中津川に国産材専門合板工場
前々から、岐阜に合板工場ができるみたいだというウワサは聞いていたが、外材と切り離せない合板工場がなんで内陸部にできるんだという疑問があった。ところが、蓋が開いてみると、なんと、国産材100%使用で合板を作るらしい。うーーん、行くところまで行きましたねという感じだ。2010年上半期の稼動開始らしい。兵庫県のと同時期か。
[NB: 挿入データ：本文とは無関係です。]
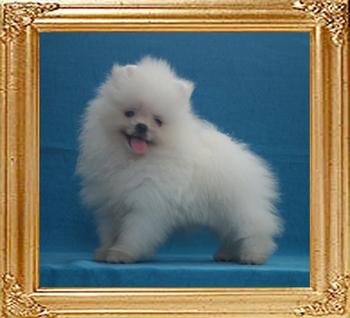 Canton_Brillant_Queen_2mo_1wk_1.6lbs_P6-6.jpg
年間丸太消費10万立米。合板工場としてはあまり大きなものではない。しかし、この4月に鳥取県日南町にできるLVL工場(丸太消費5万6千)と併せて、兵庫県のB材需要に与える影響は小さくないと思う。狭義の林業という立場から見れば、需要が増えることは歓迎すべきだが、B材の価格アップはA材の底値吊り上げにつながり、A材を使う製材工場の経営に悪い影響を与えるだろう。B材はあくまでB材。A材の活かせる業者を育てることを考えなければ林業の面白みもないのでは。こういう考え方が古いのかなぁ。
スギのB材人気ですでにスギの「面白み」が減ってヒノキに軸足を移す業者もある。しかし、最近、ヒノキの構造用合板を作る動きもあり、ヒノキのB材需要というのも微妙になってきた。今度の岐阜の工場も、使用樹種にヒノキをラインナップさせている。ヒノキのB材需要が出てくると、ますます既存のA材製材工場は追い詰められることになる。
もう一つ心配なことは、B材の取り合いで価格があがれば、当然、B材活用サイドも困るはず。いつ「もうスギやーめた」と言い出すとも限らない。合板業界は体力有りそうだし、林野の補助金を使っていると簡単にやめるわけにもいかないだろうけれど、そういう不安は今後ますます大きくなることだけは確かだろう。そういう意味で、今度の岐阜の合板工場は、内陸部の工場だけに外材にスイッチしにくい(できない?)というハンディを背負っているわけで、言い方を変えれば気合の入り方が違うというわけだ。